Required action:
Any pictures in the records below must be left out when you repeat the lines from the line containing "Step 1: Open" through the line containing "Welcome to this" exactly.

Data for analysis:
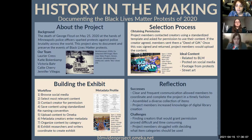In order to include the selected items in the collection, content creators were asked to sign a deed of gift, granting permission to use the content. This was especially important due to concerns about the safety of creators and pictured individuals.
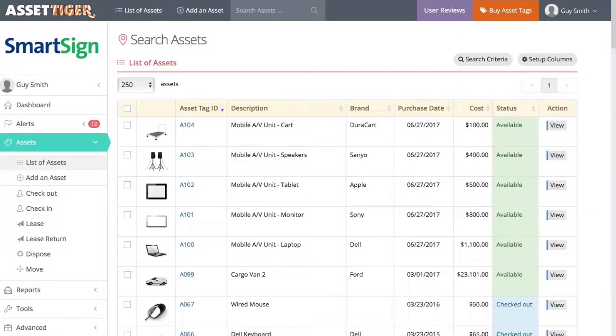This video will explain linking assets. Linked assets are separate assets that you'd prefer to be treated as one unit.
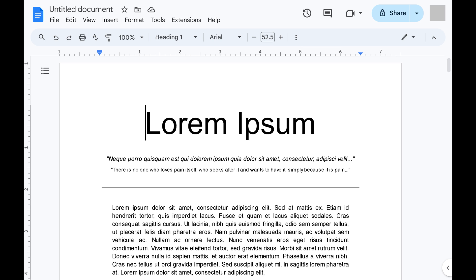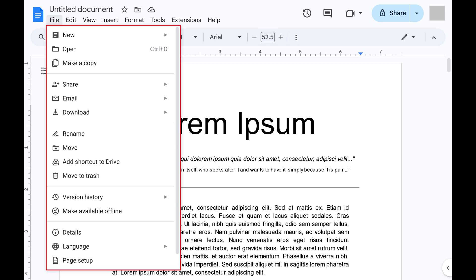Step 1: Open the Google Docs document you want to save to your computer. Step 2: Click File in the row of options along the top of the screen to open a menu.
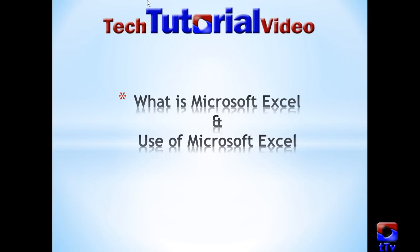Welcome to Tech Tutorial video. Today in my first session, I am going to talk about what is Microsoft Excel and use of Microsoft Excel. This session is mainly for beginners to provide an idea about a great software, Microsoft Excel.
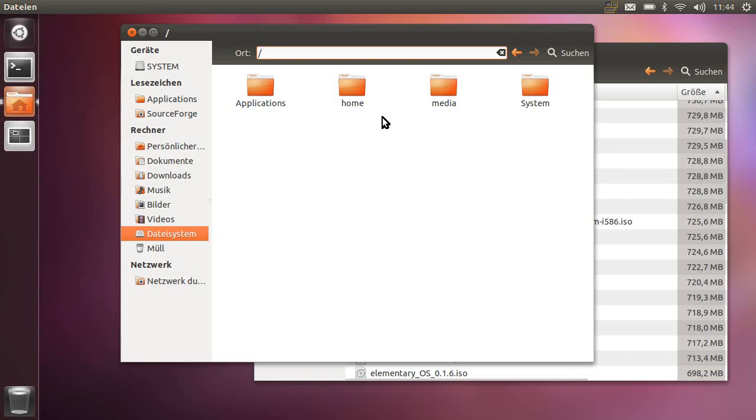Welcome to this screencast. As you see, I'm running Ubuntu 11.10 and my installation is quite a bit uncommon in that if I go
---
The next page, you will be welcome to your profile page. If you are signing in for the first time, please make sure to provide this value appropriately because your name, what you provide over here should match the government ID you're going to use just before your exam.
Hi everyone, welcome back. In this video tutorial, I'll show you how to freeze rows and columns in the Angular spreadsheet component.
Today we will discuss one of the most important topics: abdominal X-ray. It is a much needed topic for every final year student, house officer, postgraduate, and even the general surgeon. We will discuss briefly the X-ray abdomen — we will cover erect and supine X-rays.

Problem solution:
Step 1: Open the Google Docs document you want to save to your computer. Step 2: Click File in the row of options along the top of the screen to open a menu.
Welcome to Tech Tutorial video. Today in my first session, I am going to talk about what is Microsoft Excel and use of Microsoft Excel. This session is mainly for beginners to provide an idea about a great software, Microsoft Excel.
Welcome to this screencast. As you see, I'm running Ubuntu 11.10 and my installation is quite a bit uncommon in that if I go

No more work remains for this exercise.